Pictures aside, the output must consist of the lines from the one containing "Vivienne Westwood Cream" through the end of the data, reproduced exactly.

------------------------------------------------------------

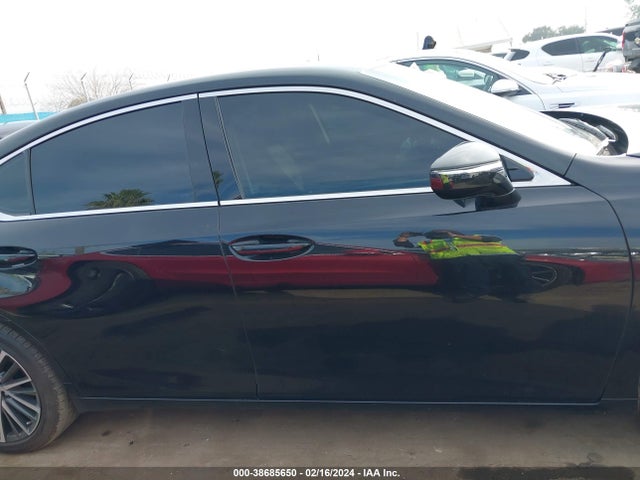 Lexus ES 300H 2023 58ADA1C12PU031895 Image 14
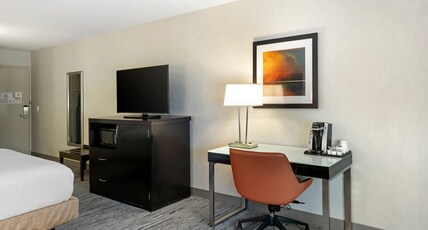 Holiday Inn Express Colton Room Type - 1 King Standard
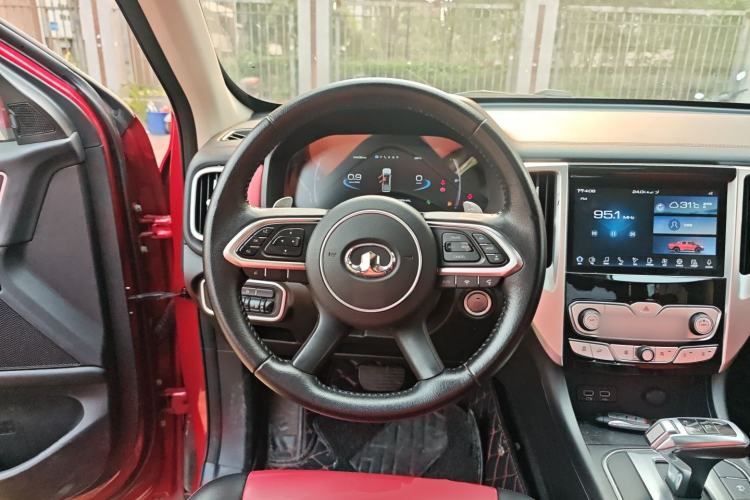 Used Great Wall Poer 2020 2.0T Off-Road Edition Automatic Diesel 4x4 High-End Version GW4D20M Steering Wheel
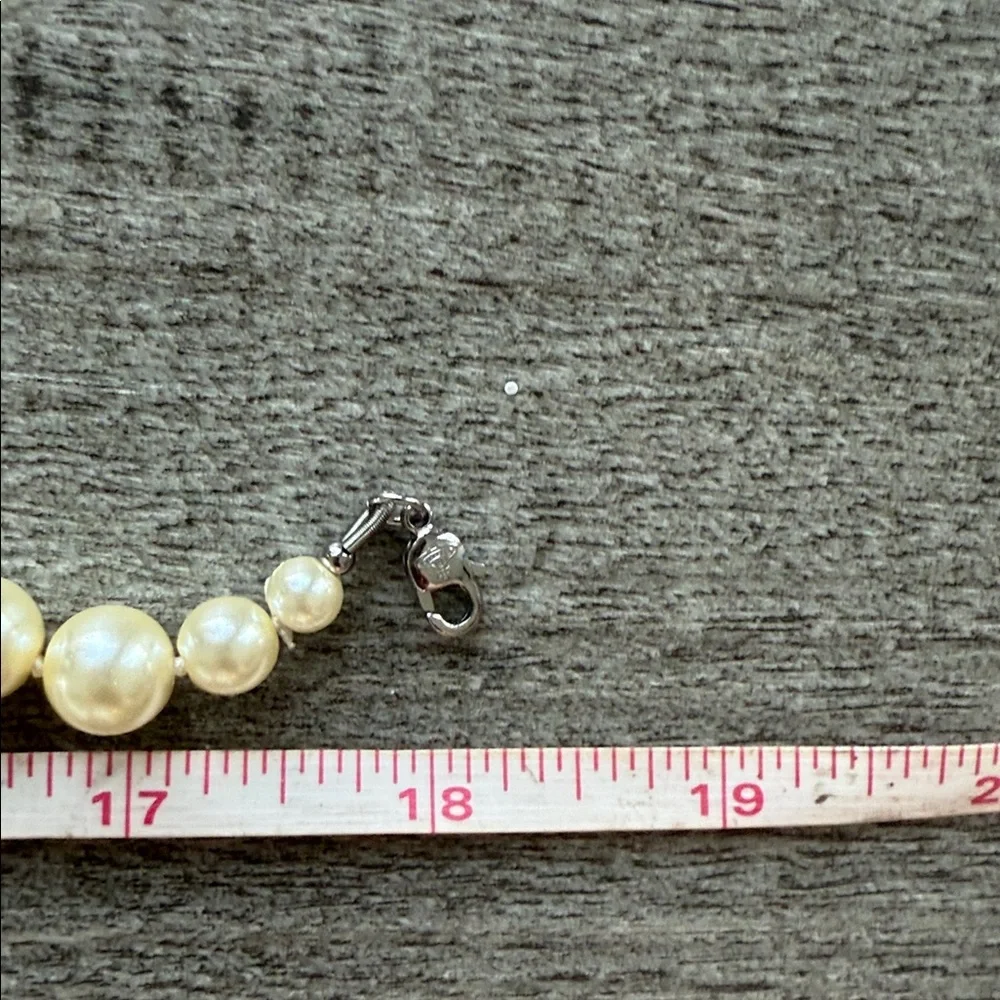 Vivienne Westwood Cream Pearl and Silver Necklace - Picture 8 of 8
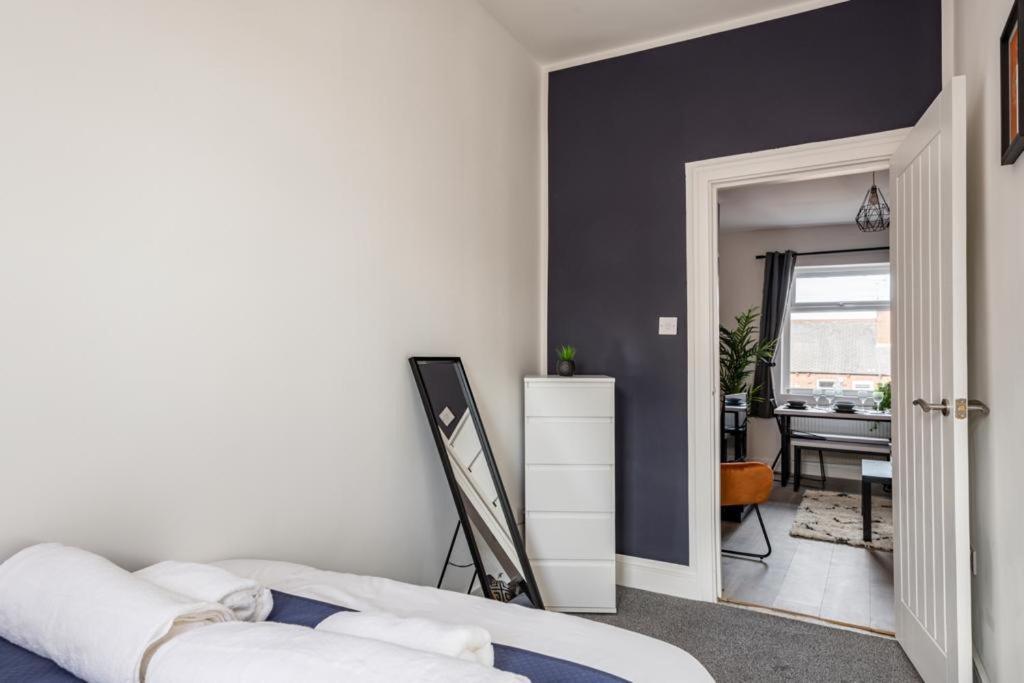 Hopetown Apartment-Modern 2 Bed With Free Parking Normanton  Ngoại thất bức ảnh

------------------------------------------------------------

> RESULT OF THE TASK
 Vivienne Westwood Cream Pearl and Silver Necklace - Picture 8 of 8
 Hopetown Apartment-Modern 2 Bed With Free Parking Normanton  Ngoại thất bức ảnh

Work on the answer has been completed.